First of all- you found the same information that I did about the vegetable! But one interesting thing you might have noticed is that it mentions as basically a given that Jews were more likely to be sober (and cites a book by Charles Snyder which attempted to give an overview and explanation of the topic to that effect). This is a perception that lasted for a long time and in a lot of different places (see here for a bit of discussion on what it meant in the US during Prohibition). Were Jews actually less likely to get drunk? Very possibly, but they were definitely much less likely to get publicly drunk. (For example, according to one review Snyder says that Orthodox Jews are least likely to become alcoholics- which may or may not be true/have been true in 1954, but is complicated by the fact that alcohol and drinking are more likely to become part of more insular, religious-based services such as the holidays of Simchat Torah and Purim among the Orthodox.)
There are lots of different factors that went into this, including a push for increased respectability among (Protestant) non-Jews during the Enlightenment and beyond among modernizing Jews (which often were a reaction to accusations of alcoholism by Enlightenment era Protestant scholars). The one that is most relevant in this case, though, is a much more existential one- many Jews were innkeepers in Eastern Europe in the early modern/modern period, and a big reason for this (though not the only reason was their being known for their sobriety and not "drinking the wares."

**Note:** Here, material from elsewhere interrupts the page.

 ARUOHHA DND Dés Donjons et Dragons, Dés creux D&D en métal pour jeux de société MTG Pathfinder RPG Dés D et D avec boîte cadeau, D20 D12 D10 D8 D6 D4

The inns that the Jews ran were leased from local nobles and while they served all comers, the bars tended to be populated by the serfs, who were often required to frequent their noble's tavern and only their noble's tavern. Alcohol was a popular use for surplus grain from the nobles' estates, especially at times when tariffs made export a less appealing option, and within the landowning system came the raw materials, the distillery, the distributor, and the buyers, making for a very efficient system.
Jews were favored as innkeepers for a variety of reasons, including that by having Jewish-run (kosher) inns, Jewish merchants would be more likely to stop in the area- but one reason was that Jews were sober and therefore unlikely to cheat their bosses by consuming the product (not to mention the drunkenness that would come with it). This in many ways became a self-perpetuating perception, as perceived drunkenness would ruin the Jewish community's reputation in general and many of its members' livelihood in particular; this is what makes it so interesting that this phenomenon of perceived Jewish sobriety as innkeepers coincided with the rise of the chassidic movement, a spiritual revolution within Eastern European Judaism which saw alcohol as, rather than something which could hinder one's observance of the laws and connection with God, instead something that could aid and accentuate it. Alcohol achieved renewed popularity as it was drunk not just at the synagogue as part of religious rituals but at the "court" of the rebbe, or spiritual leader, as part of the chassidic spiritual connection. That said, this alcohol use tended to stay within exclusively Jewish borders rather than in the more mixed space of the tavern- Jews did not need the kind of vulnerability or reputational damage that came with public drunkenness. (This isn't to say it never happened- it was just less likely.)
All this could lead to resentment among the serfs, the patrons of the Jewish tavernkeepers. The landowners' system pre-emancipation led to the serfs being in a position in which, with little remuneration, they were harvesting the very grain which became the alcohol that they seemed compelled to buy. In the middle of it all were the Jews, who, as people outside the serf-landowner system, were able to enter as part of a middle class. While the Jews and serfs often were able to have mutually beneficial relationships, the perception of "the sober Jews who take our money to give us something that intoxicates us" still existed. This led to the kinds of conspiracy theories like the one above- if the Jews aren't drunk, it must mean that they have some secret method for remaining/becoming sober rather than having the negative effects of alcohol that we have to suffer! Of course, that was ludicrous. (Incidentally there is some discussion of whether there is a Jewish gene that ameliorates the effects of alcohol somewhat, but it's pretty marginal if it is, in fact, relevant.)